— EXERCISE —
From the line containing "Used 2017 Maserati" through the last line of the entries below, print each line exactly. Pictures stay out.

— DATASET RECORDS —
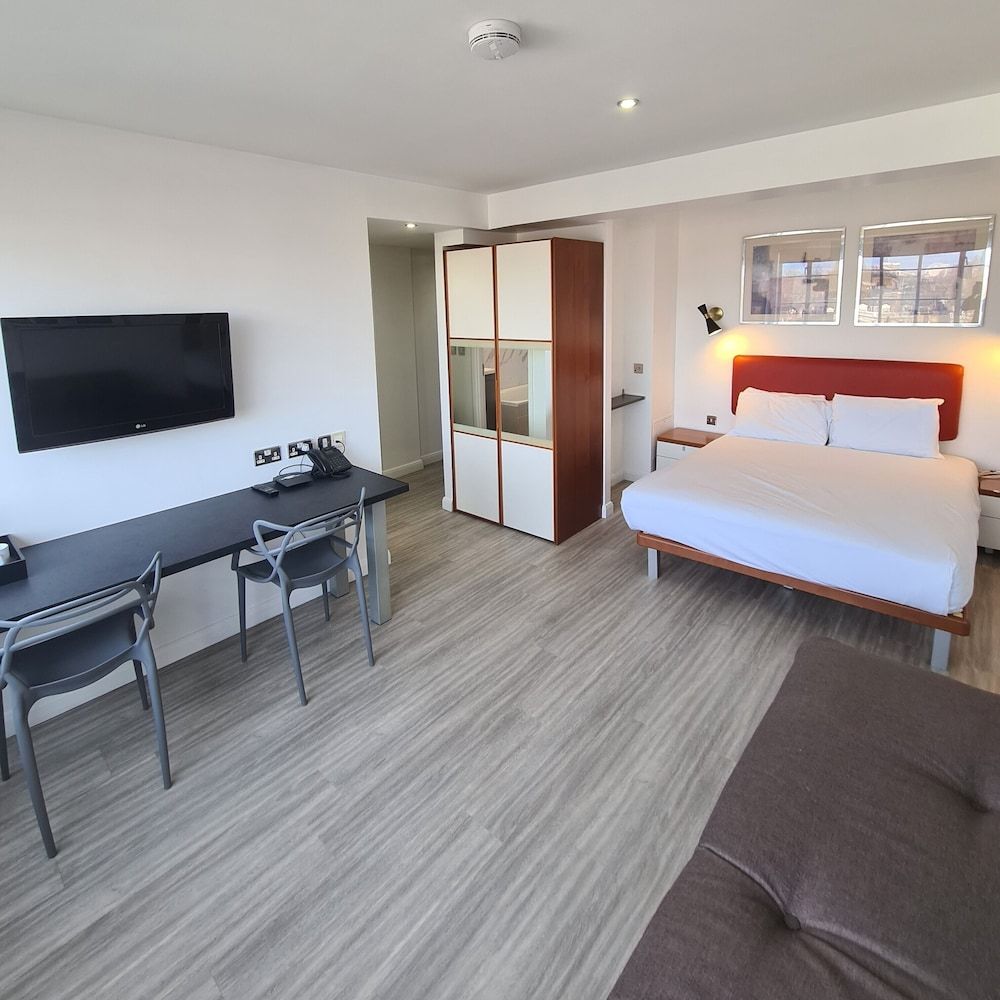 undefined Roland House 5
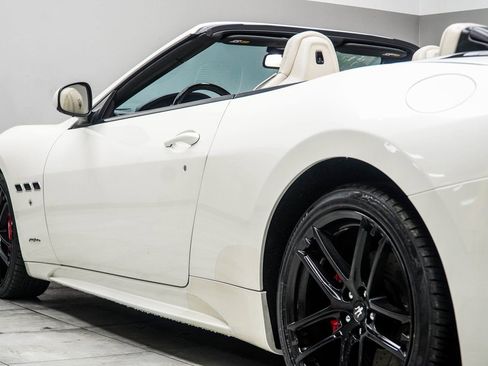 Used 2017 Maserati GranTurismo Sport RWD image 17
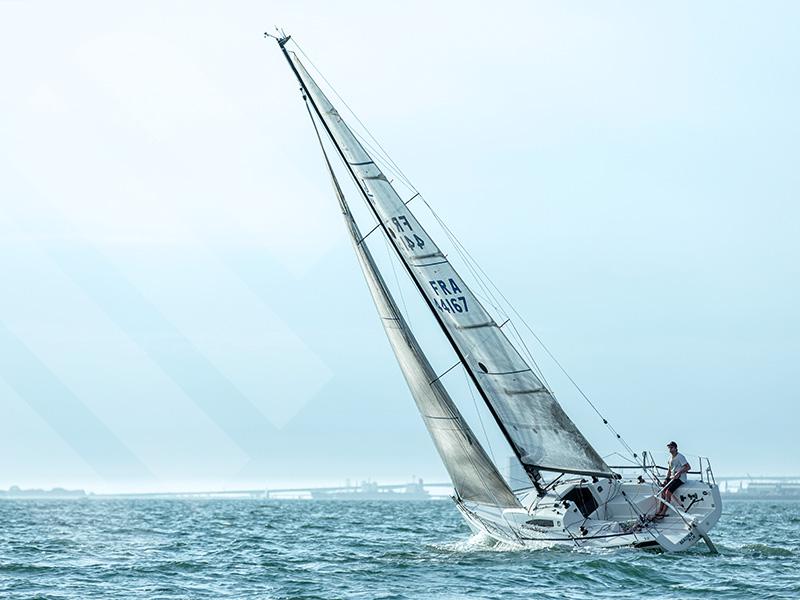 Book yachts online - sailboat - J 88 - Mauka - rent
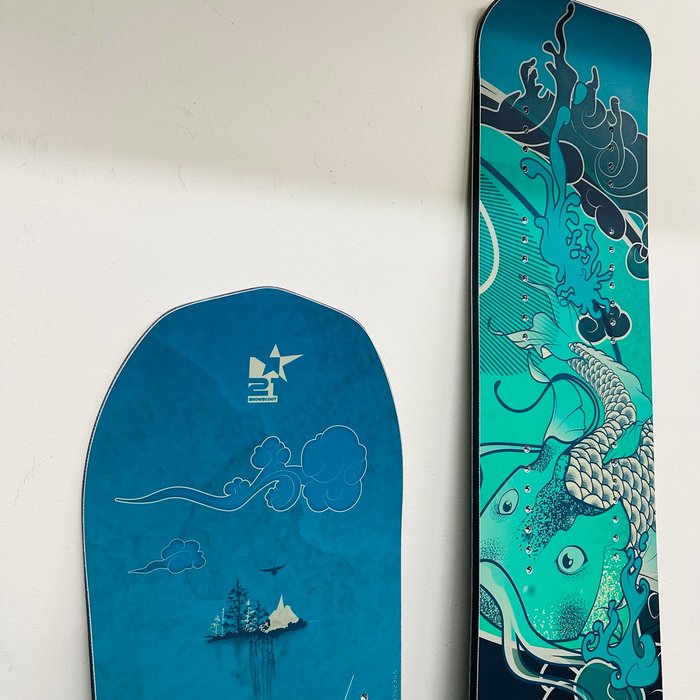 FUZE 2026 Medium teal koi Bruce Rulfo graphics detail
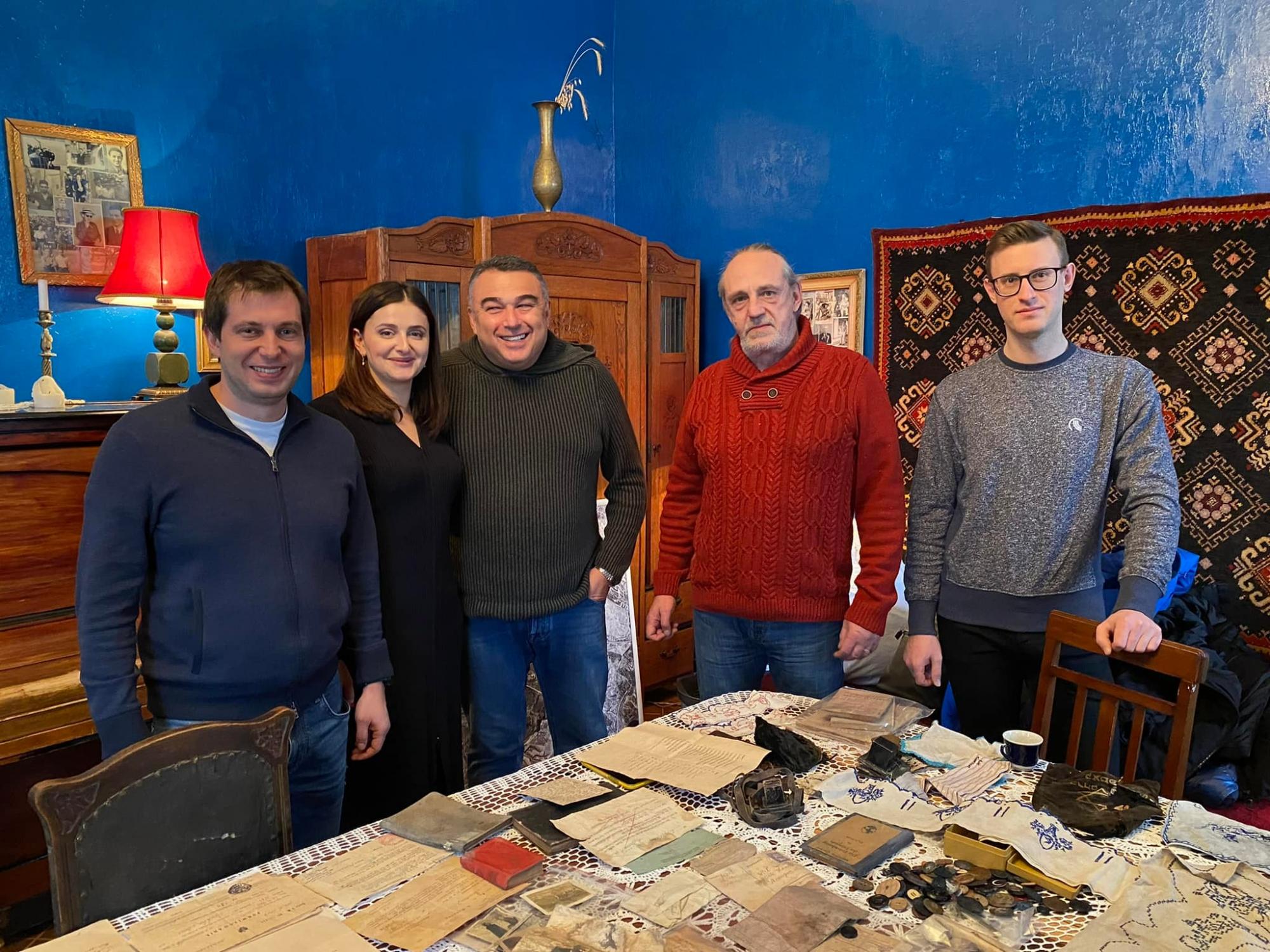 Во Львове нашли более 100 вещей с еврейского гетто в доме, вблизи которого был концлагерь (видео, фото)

— RESPONSE AREA —
 Used 2017 Maserati GranTurismo Sport RWD image 17
 Book yachts online - sailboat - J 88 - Mauka - rent
 FUZE 2026 Medium teal koi Bruce Rulfo graphics detail
 Во Львове нашли более 100 вещей с еврейского гетто в доме, вблизи которого был концлагерь (видео, фото)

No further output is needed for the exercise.